Kotoba-Whisper v2.0
Property | Value |
---|---|
Parameter Count | 756M |
License | Apache 2.0 |
Language | Japanese |
Paper | Link |
Tensor Type | BF16 |
What is kotoba-whisper-v2.0?
Kotoba-Whisper v2.0 is a specialized Japanese Automatic Speech Recognition (ASR) model developed through collaboration between Asahi Ushio and Kotoba Technologies. It's a distilled version of OpenAI's Whisper large-v3, offering 6.3x faster performance while maintaining comparable accuracy. The model was trained on over 7.2 million audio clips from the ReazonSpeech dataset.
Implementation Details
The model employs a unique architecture combining the full encoder of Whisper large-v3 with a simplified decoder using only two layers. It's optimized for 16kHz audio and supports both short-form and long-form transcription tasks.

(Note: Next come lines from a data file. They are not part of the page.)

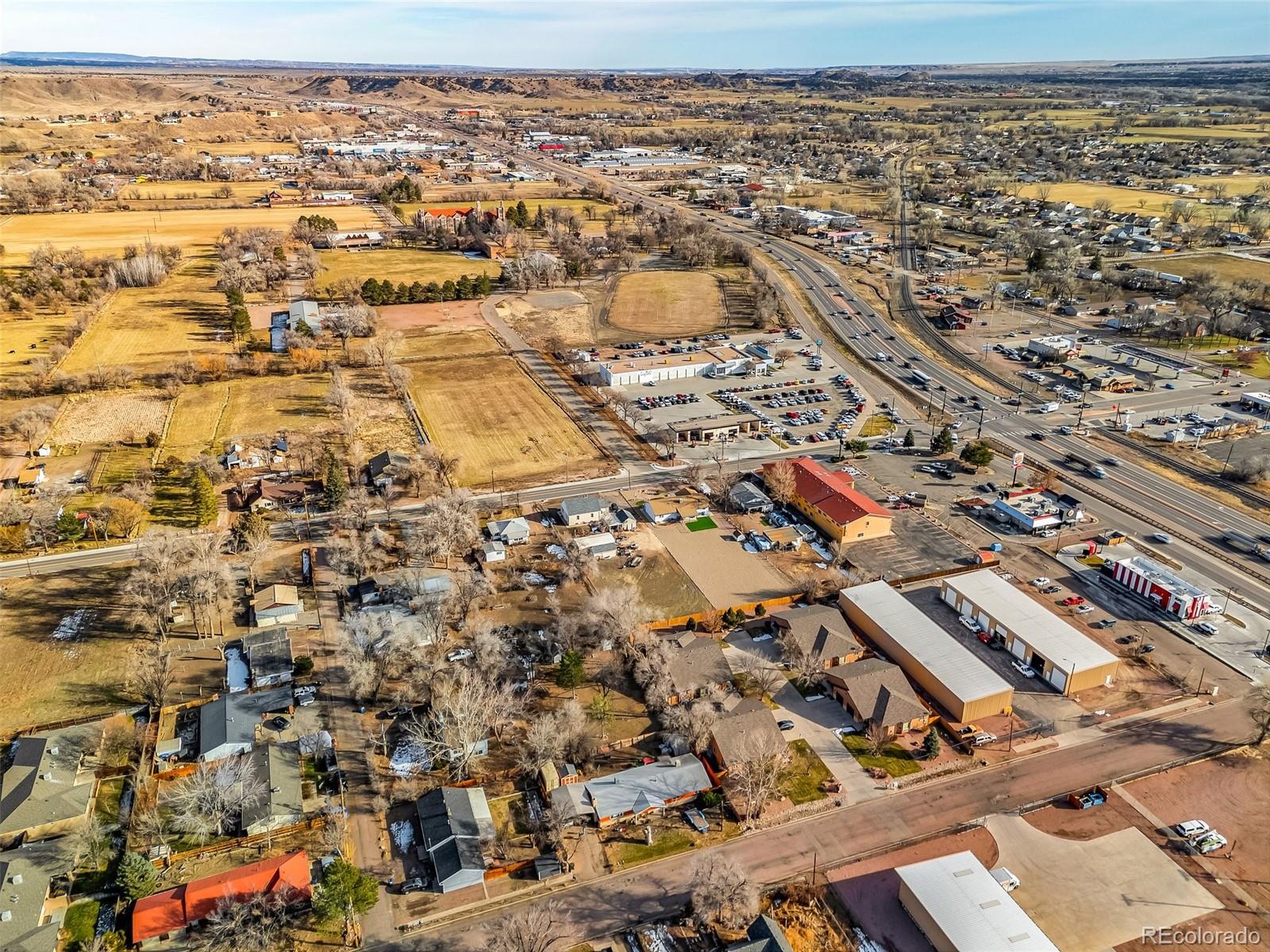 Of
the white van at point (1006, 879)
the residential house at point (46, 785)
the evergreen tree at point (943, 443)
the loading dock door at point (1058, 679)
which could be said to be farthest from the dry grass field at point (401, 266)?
the white van at point (1006, 879)

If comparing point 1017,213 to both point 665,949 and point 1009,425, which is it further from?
point 665,949

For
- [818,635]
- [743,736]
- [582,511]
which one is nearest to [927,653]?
[818,635]

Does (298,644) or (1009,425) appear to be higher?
(1009,425)

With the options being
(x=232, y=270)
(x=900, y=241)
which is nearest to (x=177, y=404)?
(x=232, y=270)

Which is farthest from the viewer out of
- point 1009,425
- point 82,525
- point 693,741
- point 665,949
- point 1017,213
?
point 1017,213

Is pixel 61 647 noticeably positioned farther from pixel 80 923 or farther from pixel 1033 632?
pixel 1033 632

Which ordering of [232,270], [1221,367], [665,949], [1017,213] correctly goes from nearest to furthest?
[665,949]
[1221,367]
[232,270]
[1017,213]
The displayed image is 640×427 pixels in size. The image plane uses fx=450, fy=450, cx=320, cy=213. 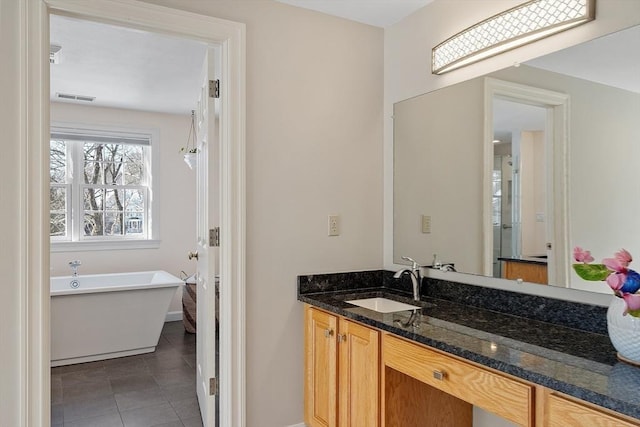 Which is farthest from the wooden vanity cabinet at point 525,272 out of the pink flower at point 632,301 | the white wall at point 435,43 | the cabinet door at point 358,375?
the white wall at point 435,43

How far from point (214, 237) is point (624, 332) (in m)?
1.77

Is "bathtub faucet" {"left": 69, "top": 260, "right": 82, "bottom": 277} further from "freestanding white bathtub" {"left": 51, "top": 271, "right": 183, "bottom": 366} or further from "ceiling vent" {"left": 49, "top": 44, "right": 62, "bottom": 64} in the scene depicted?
"ceiling vent" {"left": 49, "top": 44, "right": 62, "bottom": 64}

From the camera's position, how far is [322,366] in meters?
2.23

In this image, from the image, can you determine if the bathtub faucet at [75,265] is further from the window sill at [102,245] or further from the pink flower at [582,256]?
the pink flower at [582,256]

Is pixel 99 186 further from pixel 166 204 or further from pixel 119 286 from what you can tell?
pixel 119 286

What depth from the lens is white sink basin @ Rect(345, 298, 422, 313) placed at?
88.4 inches

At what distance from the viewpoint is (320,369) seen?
2.25 m

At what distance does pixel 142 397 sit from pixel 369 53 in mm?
2725

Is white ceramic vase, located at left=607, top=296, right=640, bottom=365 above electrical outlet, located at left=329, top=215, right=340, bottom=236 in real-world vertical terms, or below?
below

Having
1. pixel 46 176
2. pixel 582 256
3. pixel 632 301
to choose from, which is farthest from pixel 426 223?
pixel 46 176

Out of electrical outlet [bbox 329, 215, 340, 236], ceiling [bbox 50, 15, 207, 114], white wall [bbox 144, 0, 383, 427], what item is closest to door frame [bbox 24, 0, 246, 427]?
white wall [bbox 144, 0, 383, 427]

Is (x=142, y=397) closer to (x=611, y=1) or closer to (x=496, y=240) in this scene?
(x=496, y=240)

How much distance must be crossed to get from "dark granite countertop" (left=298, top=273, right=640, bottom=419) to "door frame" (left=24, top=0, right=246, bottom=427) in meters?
0.48

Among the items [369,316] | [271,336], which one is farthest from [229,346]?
[369,316] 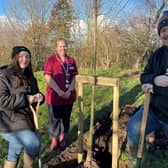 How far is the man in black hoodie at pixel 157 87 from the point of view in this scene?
154 inches

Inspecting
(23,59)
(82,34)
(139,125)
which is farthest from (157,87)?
(82,34)

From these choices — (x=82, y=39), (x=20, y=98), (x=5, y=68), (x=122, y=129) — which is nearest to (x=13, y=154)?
(x=20, y=98)

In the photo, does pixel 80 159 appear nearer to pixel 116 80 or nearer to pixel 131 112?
pixel 116 80

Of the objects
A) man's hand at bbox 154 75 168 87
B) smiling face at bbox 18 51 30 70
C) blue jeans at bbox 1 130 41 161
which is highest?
smiling face at bbox 18 51 30 70

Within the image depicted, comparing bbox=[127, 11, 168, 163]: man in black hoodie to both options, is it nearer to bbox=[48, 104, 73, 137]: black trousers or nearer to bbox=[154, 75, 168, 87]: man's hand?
bbox=[154, 75, 168, 87]: man's hand

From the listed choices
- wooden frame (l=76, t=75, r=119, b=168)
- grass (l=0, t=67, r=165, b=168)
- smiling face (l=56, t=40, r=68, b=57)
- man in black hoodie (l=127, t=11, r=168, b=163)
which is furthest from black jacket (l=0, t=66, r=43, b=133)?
smiling face (l=56, t=40, r=68, b=57)

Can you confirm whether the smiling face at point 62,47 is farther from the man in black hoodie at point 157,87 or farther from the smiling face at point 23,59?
the man in black hoodie at point 157,87

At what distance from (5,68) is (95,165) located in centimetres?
195

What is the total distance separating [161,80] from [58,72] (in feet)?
7.21

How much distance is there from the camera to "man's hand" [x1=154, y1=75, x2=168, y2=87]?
3762 millimetres

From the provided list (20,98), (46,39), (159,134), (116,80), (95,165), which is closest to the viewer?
(20,98)

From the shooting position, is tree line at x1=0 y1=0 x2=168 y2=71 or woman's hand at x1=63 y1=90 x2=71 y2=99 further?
tree line at x1=0 y1=0 x2=168 y2=71

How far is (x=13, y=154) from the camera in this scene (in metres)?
3.99

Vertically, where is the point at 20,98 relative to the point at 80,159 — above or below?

- Achieves better CER and WER than Whisper large-v3 on in-domain tests
- Supports Flash Attention 2 for improved performance
- Includes timestamps and chunked processing capabilities
- Compatible with both sequential and chunked long-form transcription
Core Capabilities
- Fast transcription: 6.3x faster than Whisper large-v3
- High accuracy: 9.2% CER on CommonVoice 8.0
- Efficient processing: Supports batch processing and GPU acceleration
- Flexible deployment: Compatible with Transformers pipeline
Frequently Asked Questions
Q: What makes this model unique?
The model combines speed optimization with high accuracy specifically for Japanese ASR, making it particularly efficient for production environments while maintaining competitive error rates.
Q: What are the recommended use cases?
It's ideal for Japanese speech transcription tasks, particularly in production environments where both speed and accuracy are crucial. It can handle both short-form (>30s) and long-form audio with various optimization options.